Giada Garofalo - not a woman to mess with

Giada Garofalo – maybe don’t mess with her

’Tis the season for jolly comedy performers to be previewing and thinking of ways to promote their Edinburgh Fringe shows next month.

Last night, I went to Soho in London to see Edinburgh preview shows by Giada Garofalo and Oli Bettesworth.

In his very funny show about depression – Sunshine and Lollipops (and a Creeping Sense of Existential Terror) – the very English Oli is seemingly making a fair bid for the loudest show on the Fringe. I cannot see his voice lasting out beyond the first week.

The very Sicilian Giada – with Live in the Staff Room! (Sex, Fairy Tales, Serial Killers & other Stuff) – is making a strong bid for the most autobiographically sexual show on the Fringe – the sex even permeates the fairy tale section which dumps Disney for Edgar Allan Poe.

Before the two previews, I had tea with Miss Behave, who is promoting her Edinburgh shows with the help of crowdfunding via a Kickstarter appeal.

“How much did you appeal for?” I asked.

“£397 – and I made it in six hours.
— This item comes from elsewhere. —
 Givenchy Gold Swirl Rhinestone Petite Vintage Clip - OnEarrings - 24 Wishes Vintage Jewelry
So, I have decided to take it bigger and better.

Miss Behave’s successful appeal on Kickstarter

Miss Behave’s very successful first appeal on Kickstarter

“I did start off wanting camels, because I thought it would be a great way to launch my show(s) at the Fringe – to actually parade through a pedestrian area, flyering on camels.”

“And…?” I asked.

“Just try and get a fucking camel to Edinburgh,” said Miss Behave. “So then I thought: Donkeys.”
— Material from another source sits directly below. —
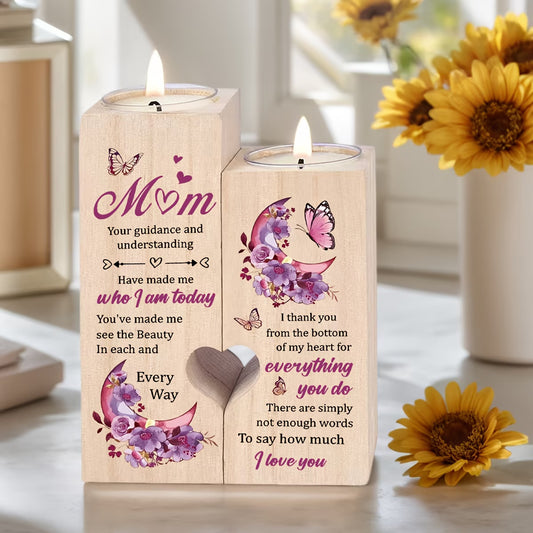 Eternal Love Heart-Shaped Wooden Candle Holder,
“You bet your ass,” I said.

Miss Behave ignored me.

“Or cows,” she continued. “But apparently cows have a tendency to charge at crowds of people, so that felt too dangerous. So then I was riffing with this person who is an animal wrangler. A Scottish animal wrangler.”

“For films?” I asked.

“Yeah. So I said: What about 50 chihuahuas? She thought about it overnight, called me back the next day and said: Right. I’ve sorted it. I’ve got a guy, who is also an animal wrangler, who has 20 chihuahua Jack Russell puppy mixes, so they’ll get on. If I just got 50 random dogs, there would be a dog fight.”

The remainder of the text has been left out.